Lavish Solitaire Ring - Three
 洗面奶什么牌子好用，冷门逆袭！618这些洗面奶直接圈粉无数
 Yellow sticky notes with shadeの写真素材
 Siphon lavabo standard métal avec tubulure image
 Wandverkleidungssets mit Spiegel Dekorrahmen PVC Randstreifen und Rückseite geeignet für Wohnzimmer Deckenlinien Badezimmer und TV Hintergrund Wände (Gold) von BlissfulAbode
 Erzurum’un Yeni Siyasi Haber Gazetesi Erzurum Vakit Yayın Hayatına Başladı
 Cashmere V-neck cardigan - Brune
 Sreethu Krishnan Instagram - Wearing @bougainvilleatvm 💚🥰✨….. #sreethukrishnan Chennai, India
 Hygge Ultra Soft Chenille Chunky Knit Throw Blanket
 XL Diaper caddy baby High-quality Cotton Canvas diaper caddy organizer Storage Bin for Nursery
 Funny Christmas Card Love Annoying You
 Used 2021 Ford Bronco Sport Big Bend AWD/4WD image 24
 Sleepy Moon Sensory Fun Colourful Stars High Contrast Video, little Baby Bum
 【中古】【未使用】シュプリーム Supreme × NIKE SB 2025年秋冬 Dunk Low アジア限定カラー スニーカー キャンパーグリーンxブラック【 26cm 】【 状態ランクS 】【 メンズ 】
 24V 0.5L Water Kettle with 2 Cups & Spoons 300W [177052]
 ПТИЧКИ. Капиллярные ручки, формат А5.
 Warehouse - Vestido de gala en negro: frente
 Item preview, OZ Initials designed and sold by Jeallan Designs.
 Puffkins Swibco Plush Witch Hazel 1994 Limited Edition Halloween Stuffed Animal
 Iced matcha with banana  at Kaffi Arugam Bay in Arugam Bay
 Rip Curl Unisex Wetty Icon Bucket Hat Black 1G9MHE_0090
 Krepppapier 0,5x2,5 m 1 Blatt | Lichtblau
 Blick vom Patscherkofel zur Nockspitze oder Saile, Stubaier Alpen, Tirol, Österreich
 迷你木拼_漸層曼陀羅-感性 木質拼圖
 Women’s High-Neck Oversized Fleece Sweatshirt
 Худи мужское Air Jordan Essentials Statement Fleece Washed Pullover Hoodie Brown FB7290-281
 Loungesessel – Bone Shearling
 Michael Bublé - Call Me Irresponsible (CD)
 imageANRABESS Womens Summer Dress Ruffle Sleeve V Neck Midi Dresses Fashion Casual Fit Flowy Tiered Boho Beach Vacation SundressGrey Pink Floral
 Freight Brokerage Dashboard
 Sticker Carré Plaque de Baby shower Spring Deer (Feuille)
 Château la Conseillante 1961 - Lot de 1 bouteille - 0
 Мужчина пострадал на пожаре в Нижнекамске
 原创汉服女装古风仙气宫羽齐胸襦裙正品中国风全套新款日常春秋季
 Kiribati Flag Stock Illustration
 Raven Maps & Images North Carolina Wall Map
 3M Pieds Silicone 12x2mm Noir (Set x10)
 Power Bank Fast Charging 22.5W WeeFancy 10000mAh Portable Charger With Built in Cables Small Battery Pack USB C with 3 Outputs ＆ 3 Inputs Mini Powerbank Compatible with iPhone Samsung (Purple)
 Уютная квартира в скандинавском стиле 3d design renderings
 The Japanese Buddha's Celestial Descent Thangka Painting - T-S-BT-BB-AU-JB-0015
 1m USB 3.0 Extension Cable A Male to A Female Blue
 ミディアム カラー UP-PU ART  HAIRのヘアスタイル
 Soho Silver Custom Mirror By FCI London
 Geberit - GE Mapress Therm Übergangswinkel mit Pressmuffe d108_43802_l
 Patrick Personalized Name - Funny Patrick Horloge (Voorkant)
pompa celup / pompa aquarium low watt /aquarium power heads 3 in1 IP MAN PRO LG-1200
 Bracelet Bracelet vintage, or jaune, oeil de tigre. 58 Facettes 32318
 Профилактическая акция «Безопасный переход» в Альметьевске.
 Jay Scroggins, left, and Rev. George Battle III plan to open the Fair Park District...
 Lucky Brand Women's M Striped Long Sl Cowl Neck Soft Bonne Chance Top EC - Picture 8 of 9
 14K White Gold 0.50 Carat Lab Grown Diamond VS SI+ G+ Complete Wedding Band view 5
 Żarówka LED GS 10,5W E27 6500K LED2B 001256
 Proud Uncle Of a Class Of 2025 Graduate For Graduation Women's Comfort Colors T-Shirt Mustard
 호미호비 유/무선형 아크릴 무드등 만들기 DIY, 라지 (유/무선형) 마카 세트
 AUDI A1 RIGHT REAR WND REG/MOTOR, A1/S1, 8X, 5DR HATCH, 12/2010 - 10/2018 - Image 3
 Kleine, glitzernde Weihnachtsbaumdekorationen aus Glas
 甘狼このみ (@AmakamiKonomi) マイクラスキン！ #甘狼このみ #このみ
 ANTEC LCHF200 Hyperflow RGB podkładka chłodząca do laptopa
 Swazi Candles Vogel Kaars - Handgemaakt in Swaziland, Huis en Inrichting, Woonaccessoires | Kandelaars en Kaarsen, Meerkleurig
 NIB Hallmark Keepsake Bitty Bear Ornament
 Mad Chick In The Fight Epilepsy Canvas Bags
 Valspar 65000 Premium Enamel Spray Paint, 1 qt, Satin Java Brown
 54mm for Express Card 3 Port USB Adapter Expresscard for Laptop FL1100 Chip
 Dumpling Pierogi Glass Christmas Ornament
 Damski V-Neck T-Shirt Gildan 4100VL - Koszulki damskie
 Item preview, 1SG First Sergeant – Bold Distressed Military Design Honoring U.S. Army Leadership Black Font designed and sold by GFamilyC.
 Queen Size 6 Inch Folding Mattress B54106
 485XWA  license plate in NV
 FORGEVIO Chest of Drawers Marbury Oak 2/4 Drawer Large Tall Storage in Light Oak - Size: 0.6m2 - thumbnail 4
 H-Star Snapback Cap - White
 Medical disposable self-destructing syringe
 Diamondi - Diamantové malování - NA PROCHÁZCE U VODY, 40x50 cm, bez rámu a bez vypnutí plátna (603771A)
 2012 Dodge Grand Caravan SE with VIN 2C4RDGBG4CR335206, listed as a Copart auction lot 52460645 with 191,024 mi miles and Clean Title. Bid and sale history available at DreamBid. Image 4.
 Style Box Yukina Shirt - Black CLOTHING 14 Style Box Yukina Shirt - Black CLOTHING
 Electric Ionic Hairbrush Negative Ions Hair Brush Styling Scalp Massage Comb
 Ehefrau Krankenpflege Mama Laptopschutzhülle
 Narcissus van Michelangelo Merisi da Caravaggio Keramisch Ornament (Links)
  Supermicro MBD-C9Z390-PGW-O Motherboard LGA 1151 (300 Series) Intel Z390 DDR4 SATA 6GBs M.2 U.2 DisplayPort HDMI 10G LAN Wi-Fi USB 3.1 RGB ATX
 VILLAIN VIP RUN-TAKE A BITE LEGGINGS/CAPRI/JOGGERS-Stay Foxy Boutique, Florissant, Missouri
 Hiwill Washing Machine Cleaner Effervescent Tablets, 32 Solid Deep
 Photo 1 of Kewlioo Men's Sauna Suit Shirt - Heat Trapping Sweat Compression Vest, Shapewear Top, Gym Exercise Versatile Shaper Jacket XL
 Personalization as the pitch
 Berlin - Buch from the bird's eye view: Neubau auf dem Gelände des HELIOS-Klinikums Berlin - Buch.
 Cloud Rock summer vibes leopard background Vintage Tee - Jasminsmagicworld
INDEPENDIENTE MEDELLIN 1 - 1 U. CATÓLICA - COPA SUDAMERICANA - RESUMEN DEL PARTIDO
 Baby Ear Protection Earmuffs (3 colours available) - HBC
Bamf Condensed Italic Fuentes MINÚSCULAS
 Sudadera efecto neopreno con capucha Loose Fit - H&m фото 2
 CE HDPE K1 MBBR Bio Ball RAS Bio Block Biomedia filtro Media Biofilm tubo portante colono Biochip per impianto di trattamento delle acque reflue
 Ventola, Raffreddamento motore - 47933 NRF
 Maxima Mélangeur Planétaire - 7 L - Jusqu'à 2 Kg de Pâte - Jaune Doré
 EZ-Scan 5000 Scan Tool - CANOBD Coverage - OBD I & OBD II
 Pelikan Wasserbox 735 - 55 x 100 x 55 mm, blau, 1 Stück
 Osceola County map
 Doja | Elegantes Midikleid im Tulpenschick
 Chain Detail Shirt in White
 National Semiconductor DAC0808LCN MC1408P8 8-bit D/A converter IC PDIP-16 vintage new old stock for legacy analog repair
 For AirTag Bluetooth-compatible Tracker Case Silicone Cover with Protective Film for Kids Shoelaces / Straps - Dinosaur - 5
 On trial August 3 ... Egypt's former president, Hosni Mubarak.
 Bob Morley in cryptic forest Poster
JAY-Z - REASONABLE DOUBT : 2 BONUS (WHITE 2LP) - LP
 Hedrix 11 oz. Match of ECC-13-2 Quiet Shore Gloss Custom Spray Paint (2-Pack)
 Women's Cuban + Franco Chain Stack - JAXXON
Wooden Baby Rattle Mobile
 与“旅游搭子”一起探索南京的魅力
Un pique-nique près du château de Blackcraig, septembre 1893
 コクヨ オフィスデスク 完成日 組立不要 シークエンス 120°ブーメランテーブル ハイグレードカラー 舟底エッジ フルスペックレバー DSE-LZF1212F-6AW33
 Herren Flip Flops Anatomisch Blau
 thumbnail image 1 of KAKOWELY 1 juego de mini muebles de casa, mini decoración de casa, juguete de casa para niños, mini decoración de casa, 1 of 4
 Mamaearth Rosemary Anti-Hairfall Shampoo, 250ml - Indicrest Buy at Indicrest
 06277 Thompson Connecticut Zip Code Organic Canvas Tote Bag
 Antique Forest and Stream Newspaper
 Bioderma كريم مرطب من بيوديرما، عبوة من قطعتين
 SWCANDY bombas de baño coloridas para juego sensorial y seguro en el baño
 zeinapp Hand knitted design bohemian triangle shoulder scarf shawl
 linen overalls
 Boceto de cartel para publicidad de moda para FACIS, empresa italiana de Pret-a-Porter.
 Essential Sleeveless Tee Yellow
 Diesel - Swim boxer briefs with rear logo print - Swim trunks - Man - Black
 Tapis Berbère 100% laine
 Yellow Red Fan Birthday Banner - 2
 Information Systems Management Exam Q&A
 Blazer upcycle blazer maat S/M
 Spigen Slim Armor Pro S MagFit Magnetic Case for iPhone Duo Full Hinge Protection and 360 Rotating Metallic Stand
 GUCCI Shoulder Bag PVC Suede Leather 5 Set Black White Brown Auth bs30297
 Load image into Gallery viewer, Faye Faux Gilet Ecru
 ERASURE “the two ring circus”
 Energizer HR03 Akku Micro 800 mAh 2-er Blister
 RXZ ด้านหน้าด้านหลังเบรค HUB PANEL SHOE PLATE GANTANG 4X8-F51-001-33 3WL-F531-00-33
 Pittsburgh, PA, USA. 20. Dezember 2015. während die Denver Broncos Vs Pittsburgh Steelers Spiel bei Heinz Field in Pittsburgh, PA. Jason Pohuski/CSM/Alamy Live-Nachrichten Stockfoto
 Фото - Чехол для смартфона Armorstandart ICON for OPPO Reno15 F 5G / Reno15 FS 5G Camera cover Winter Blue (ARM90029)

→ PROBLEM:
From the listing above, the lines starting with the one that has "Sleepy Moon Sensory" and running through the one that has "Iced matcha with" should be copied exactly, ends included.

→ ANSWER SPACE:
 Sleepy Moon Sensory Fun Colourful Stars High Contrast Video, little Baby Bum
 【中古】【未使用】シュプリーム Supreme × NIKE SB 2025年秋冬 Dunk Low アジア限定カラー スニーカー キャンパーグリーンxブラック【 26cm 】【 状態ランクS 】【 メンズ 】
 24V 0.5L Water Kettle with 2 Cups & Spoons 300W [177052]
 ПТИЧКИ. Капиллярные ручки, формат А5.
 Warehouse - Vestido de gala en negro: frente
 Item preview, OZ Initials designed and sold by Jeallan Designs.
 Puffkins Swibco Plush Witch Hazel 1994 Limited Edition Halloween Stuffed Animal
 Iced matcha with banana  at Kaffi Arugam Bay in Arugam Bay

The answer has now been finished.